[Records from a dataset]
■ ■ ■ ■ ■
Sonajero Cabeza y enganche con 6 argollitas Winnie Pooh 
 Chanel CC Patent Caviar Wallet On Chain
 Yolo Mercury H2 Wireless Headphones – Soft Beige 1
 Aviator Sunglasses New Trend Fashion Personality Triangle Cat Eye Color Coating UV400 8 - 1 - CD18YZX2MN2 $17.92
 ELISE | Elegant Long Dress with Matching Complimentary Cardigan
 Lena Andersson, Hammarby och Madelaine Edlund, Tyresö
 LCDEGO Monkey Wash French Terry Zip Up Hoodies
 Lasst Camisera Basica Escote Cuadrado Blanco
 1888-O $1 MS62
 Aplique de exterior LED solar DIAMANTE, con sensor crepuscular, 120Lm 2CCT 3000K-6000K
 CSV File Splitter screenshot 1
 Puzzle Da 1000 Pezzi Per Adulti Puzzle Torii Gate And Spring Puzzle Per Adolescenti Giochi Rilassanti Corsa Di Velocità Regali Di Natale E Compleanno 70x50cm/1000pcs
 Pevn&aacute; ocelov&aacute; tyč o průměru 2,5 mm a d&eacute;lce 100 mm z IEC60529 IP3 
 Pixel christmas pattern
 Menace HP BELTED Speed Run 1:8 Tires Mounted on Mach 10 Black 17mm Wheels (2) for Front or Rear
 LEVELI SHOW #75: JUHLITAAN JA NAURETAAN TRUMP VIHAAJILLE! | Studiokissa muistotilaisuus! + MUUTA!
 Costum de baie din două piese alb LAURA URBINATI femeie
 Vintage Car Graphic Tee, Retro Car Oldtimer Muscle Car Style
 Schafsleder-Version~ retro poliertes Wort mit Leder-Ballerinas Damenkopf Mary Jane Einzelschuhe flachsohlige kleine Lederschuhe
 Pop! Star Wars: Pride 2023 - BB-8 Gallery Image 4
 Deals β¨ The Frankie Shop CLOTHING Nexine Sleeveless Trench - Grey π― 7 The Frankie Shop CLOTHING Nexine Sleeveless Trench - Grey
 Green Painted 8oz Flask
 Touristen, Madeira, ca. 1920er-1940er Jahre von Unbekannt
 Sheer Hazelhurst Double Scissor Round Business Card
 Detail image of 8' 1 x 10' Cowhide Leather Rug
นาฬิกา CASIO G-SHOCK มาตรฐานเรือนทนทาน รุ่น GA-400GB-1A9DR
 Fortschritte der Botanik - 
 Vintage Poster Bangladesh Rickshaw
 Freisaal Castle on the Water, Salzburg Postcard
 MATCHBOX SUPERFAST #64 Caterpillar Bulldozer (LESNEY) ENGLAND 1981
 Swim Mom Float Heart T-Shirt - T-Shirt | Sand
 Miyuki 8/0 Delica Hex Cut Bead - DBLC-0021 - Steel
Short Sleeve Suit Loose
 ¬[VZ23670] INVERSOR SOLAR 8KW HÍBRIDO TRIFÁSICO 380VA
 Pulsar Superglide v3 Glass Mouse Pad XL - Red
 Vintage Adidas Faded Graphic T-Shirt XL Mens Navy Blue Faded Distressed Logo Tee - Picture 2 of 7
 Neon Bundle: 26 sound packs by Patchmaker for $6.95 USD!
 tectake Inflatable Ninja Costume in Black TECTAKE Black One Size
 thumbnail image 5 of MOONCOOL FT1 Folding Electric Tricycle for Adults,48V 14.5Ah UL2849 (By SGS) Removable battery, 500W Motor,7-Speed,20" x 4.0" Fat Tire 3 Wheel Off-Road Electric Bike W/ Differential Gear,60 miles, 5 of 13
■ ■ ■ ■ ■
:: Activity ::
What lines of the data contain the string "Black"? List them.

:: Solution for this task ::
 Menace HP BELTED Speed Run 1:8 Tires Mounted on Mach 10 Black 17mm Wheels (2) for Front or Rear
 tectake Inflatable Ninja Costume in Black TECTAKE Black One Size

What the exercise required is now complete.